=== Begin Enclosure ===

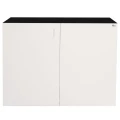 Szafka pod Akwarium Proste Elitte 120x40x90 Czarny-Biały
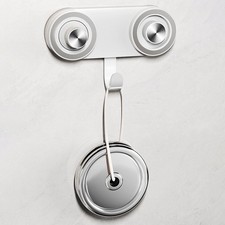 Support Sèche Cheveux avec Double Fixation Ventouse et Aimant Sans Pénétratio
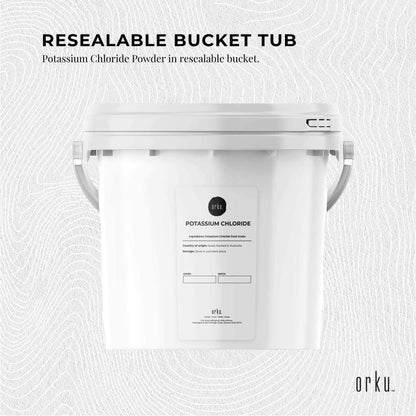 5Kg Potassium Chloride Powder Tub - Pure KCL E508 Food Grade Replacer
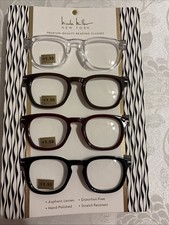 Nicole Miller Designer Reading Glasses 2.00 NEW Eyeglasses Pack Of 4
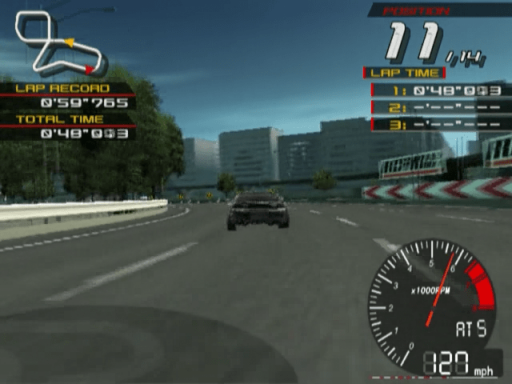 Gameplay screenshot for Ridge Racer V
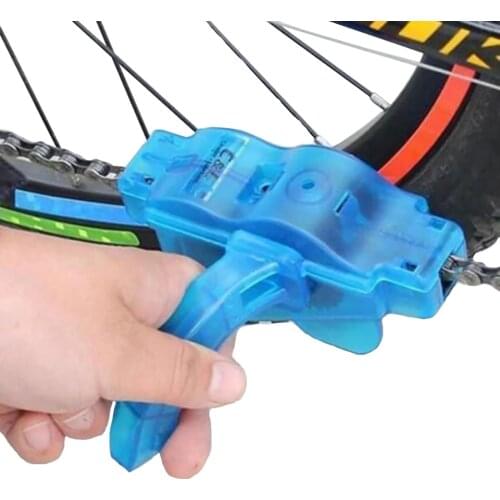 Portable Bicycle Chain Cleaner Bike Brushes Scrubber Wash Tool Mountain Cycling Cleaning Kit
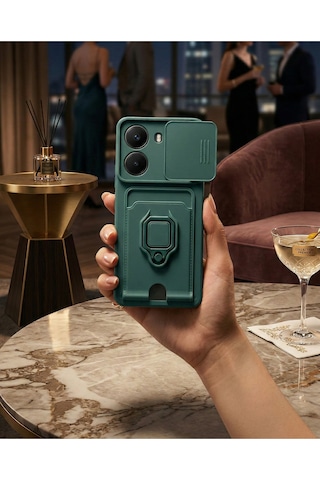 Poco X7 Pro İçin Uyumlu Boyun Askılı Yüzüklü Stand Olabilen Telefon Kılıfı Poco X7 Pro İçin Uyumlu Boyun Askılı Yüzüklü Stand Olabilen Telefon Kılıfı
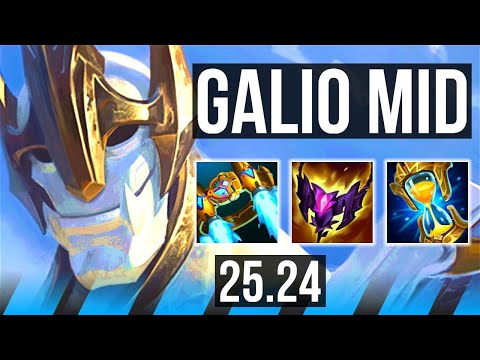 GALIO vs YONE (MID) | 33K damage | KR Challenger | 25.24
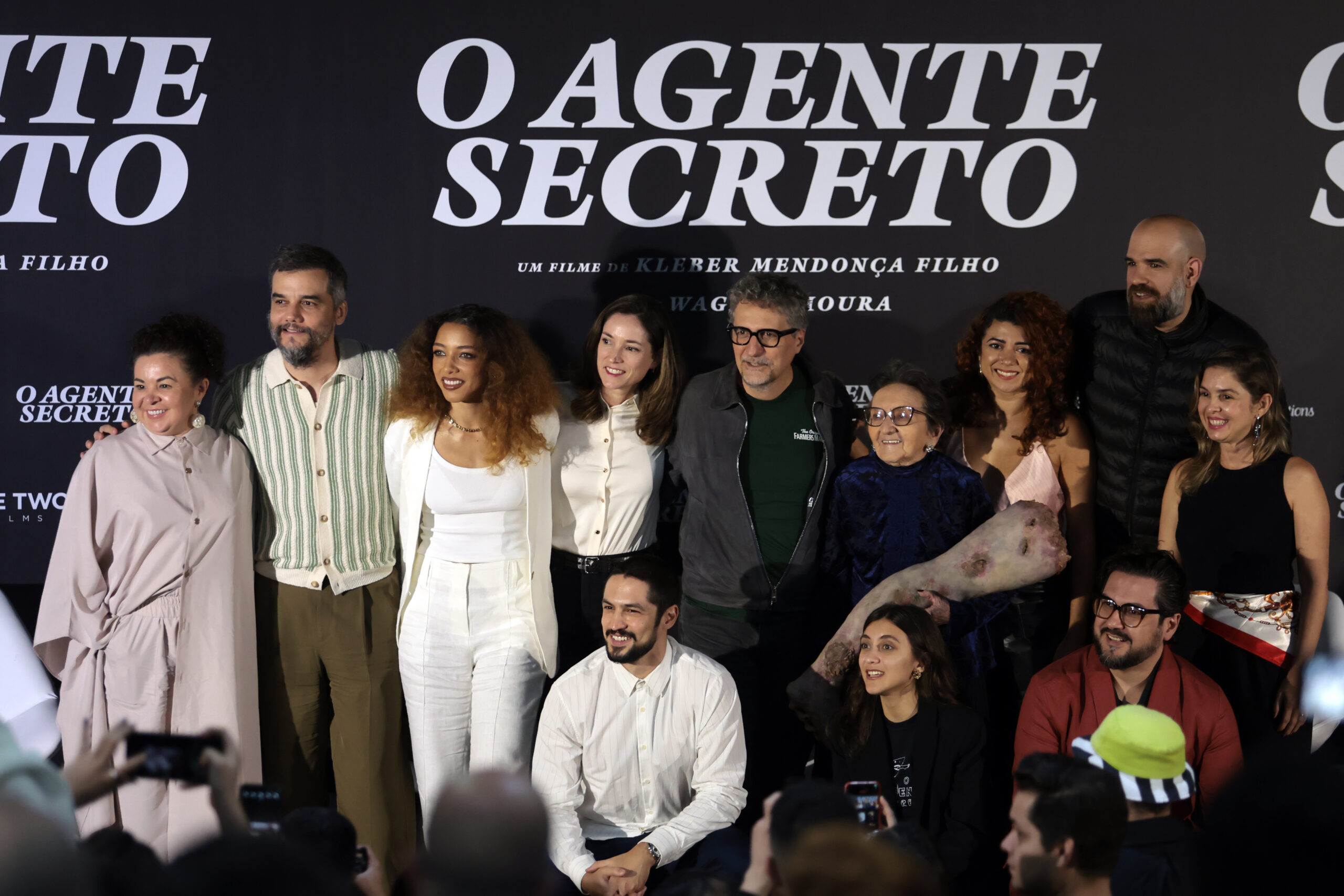 Lançamento do filme "O Agente Secreto" com elenco e diretor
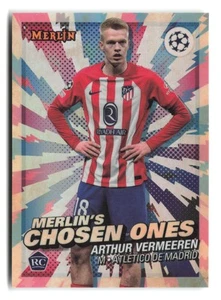 2023-24 Merlin UEFA Club Competitions #MC-4 Arthur Vermeeren Merlin's Chosen One - Picture 1 of 2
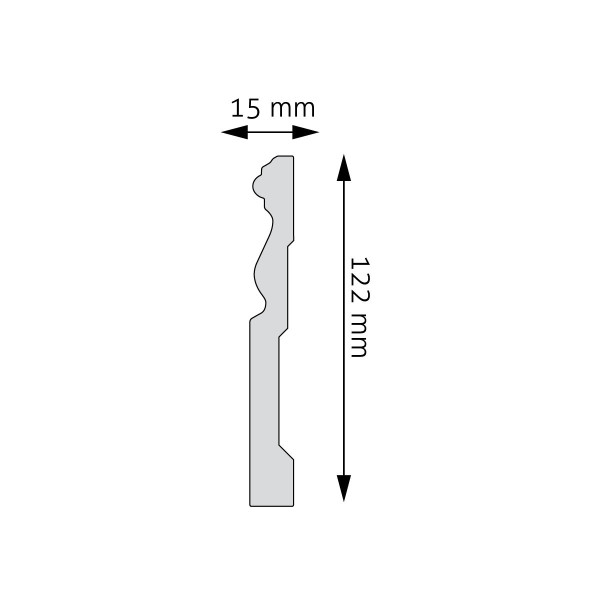 Rodapié LPC-09 – HDPS (Polímero de alta densidad)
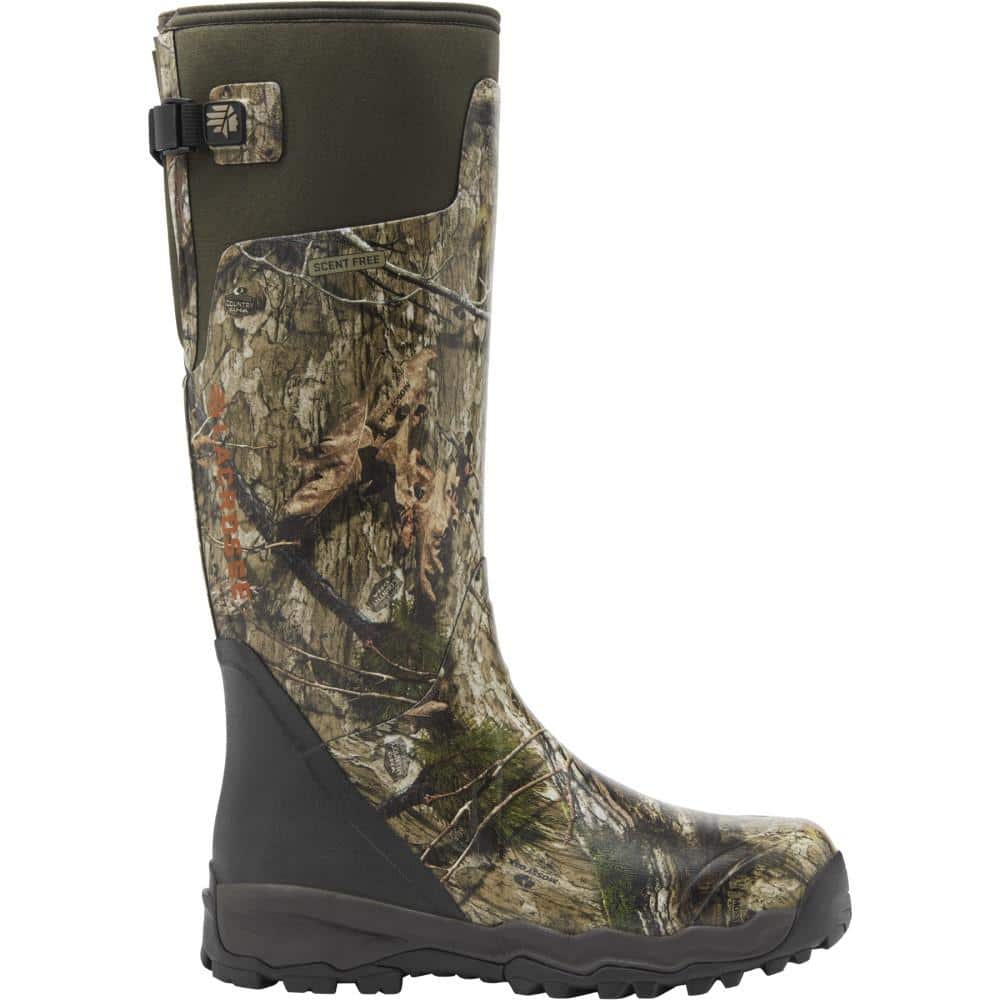 Lacrosse Alphaburly Pro 18-inch Mossy Oak DNA hunting boots size 12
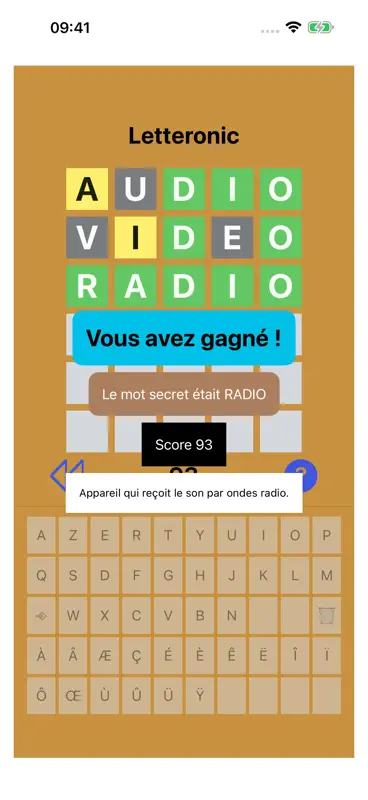 Letteronic : Mots à deviner screenshot 4 of 4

=== End Enclosure ===

■ Your objective: Extract the run of lines from the line holding "Nicole Miller Designer" through the final line of the material above, exactly and inclusively. Leave the pictures behind.

■ Answer area:
 Nicole Miller Designer Reading Glasses 2.00 NEW Eyeglasses Pack Of 4
 Gameplay screenshot for Ridge Racer V
 Portable Bicycle Chain Cleaner Bike Brushes Scrubber Wash Tool Mountain Cycling Cleaning Kit
 Poco X7 Pro İçin Uyumlu Boyun Askılı Yüzüklü Stand Olabilen Telefon Kılıfı Poco X7 Pro İçin Uyumlu Boyun Askılı Yüzüklü Stand Olabilen Telefon Kılıfı
 GALIO vs YONE (MID) | 33K damage | KR Challenger | 25.24
 Lançamento do filme "O Agente Secreto" com elenco e diretor
 2023-24 Merlin UEFA Club Competitions #MC-4 Arthur Vermeeren Merlin's Chosen One - Picture 1 of 2
 Rodapié LPC-09 – HDPS (Polímero de alta densidad)
 Lacrosse Alphaburly Pro 18-inch Mossy Oak DNA hunting boots size 12
 Letteronic : Mots à deviner screenshot 4 of 4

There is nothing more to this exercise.